Below is a listing. Quote from it, exactly, the lines from the one containing "Usata Jaguar XE" down to the one containing "A QUANTITY OF", both ends included, and nothing else.

===== Study material =====

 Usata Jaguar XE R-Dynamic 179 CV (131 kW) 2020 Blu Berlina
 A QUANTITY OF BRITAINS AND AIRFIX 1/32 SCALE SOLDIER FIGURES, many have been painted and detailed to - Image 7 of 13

=====
===== Study material =====

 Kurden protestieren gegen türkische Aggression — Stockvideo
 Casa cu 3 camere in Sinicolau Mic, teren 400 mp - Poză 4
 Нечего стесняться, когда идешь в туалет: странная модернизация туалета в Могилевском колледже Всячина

=====

■ Output for this exercise:
 Usata Jaguar XE R-Dynamic 179 CV (131 kW) 2020 Blu Berlina
 A QUANTITY OF BRITAINS AND AIRFIX 1/32 SCALE SOLDIER FIGURES, many have been painted and detailed to - Image 7 of 13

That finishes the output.